Le gouvernement français vient donc de lancer un « débat national » sur l’identité française ! A croire que cette identité est devenue tellement floue, volatile… qu’il faut d’urgence en redéfinir les contours et le contenu. Mieux la protéger contre tous les assauts mauvais. Et quelle serait cette menace fantôme ? L’immigration, bien sûr.

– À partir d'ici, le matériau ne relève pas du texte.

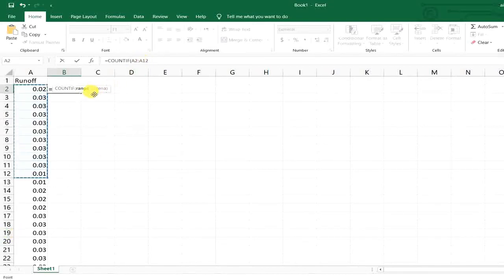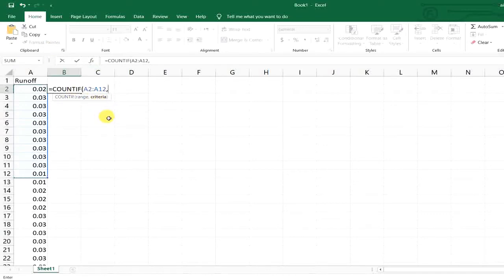Then it says put a comma mark, so I just put a comma mark. Then it asks you to define your criteria. For counting values greater than a specific value, you need to first put a quotation mark and then click the greater-than symbol.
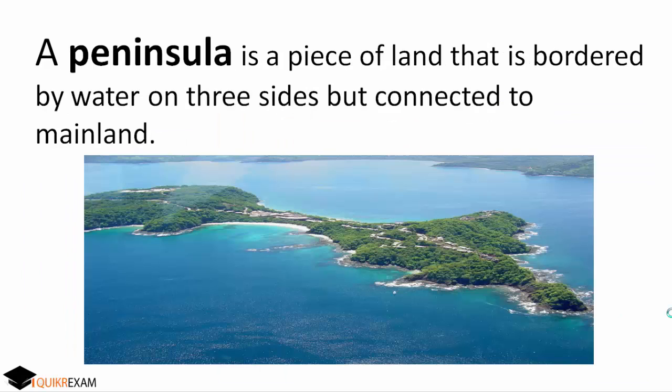Next, what is a Peninsula? A Peninsula is a piece of land that is covered on three sides by water, with one side connected to the mainland. As shown in this picture, the peninsula is surrounded by water on three sides and only a small part of it is connected to the main land.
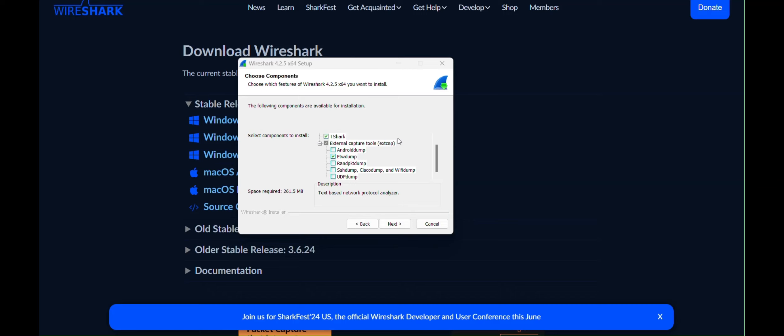Next is External Capture Tools or XCAP. It's literally about external capture interfaces. XCAP allows Wireshark to use external tools for capturing packets. So if you have other network capture tools other than Wireshark, you can configure Wireshark to use the tool via XCAP.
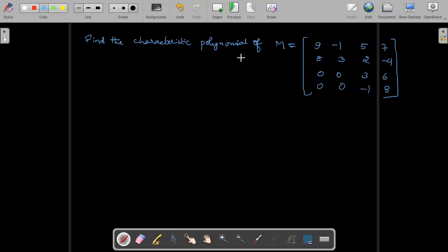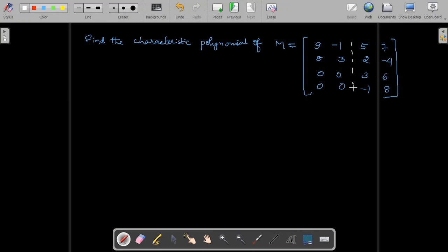The problem: find the characteristic polynomial of this matrix. When you look at this matrix, it is a block triangular matrix. You can divide this matrix into different blocks. These are the diagonal blocks, and the block below the diagonal block is zero. Hence it is an upper triangular block matrix.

Même si Eric Besson, le ministre de l’immigration et de l’identité nationale, use désespérément de mille contorsions verbales pour dissocier ces deux termes. Véritable kermesse de l’inutile, l’initiative du ministre débouchera, tout au plus sur… un discours. Qui rappellera les vertus de la République et de l’inaltérable « francitude ». L’on pense forcément aux heures de gloire du sinistre Front national, lorsque son président, Jean-Marie Le Pen, mettait en garde le peuple français contre ces « hordes d’immigrés venus du Sahara pour nous coloniser et engrosser nos filles ». La lepénisation rampante des esprits a rendu « légitime » la prise en compte par une droite républicaine du corps étranger attentatoire à l’identité française.

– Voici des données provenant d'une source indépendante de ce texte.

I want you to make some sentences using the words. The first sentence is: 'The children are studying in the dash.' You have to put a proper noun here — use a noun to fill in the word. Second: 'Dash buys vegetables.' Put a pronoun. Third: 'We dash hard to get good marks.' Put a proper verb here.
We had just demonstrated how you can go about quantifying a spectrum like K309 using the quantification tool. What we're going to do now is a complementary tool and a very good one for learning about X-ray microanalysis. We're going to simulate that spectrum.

Vu d’ailleurs, l’affaire prête à sourire. La France, ex-nation colonisatrice et exportatrice de sa culture, serait donc aujourd’hui, le seul pays de la planète dont l’identité serait exposée au péril ? Dans cette France qui produit ses propres peurs, comment distinguer, dans ce « débat », le fantasme assimilationniste – et la nostalgie d’un improbable modèle dominant – de la nécessité de lutter contre les ségrégations ? Comment séparer les arrière-pensées politiciennes de la juste promotion de la nation, et de l’adhésion aux valeurs de cette République ? Sans compter que les plus menacés quotidiennement en France sont ceux-là mêmes qui, tout en étant français, ne sont pas reconnus comme tels, du fait de la couleur de leur peau ou de l’origine de leur patronyme… On peut se demander à quelles fins des intelligences se mobilisent au sommet de l’Etat pour un sujet qui ne constitue pas une priorité, eu égard aux mille difficultés qui taraudent le pays.
A-t-on besoin d’une telle publicité pour, si besoin est, rappeler et fortifier ce qui a toujours constitué le socle et la dynamique des identités collectives, à savoir des valeurs partagées dans la diversité ? On appelle cela une nation. Dans toutes les régions de l’Hexagone, cette diversité nationale, aussi vivante qu’insondable, relève de l’évidence, et ne saurait, ici comme ailleurs, être soumise à la démonstration, et moins encore à une police ou un certificat de conformité.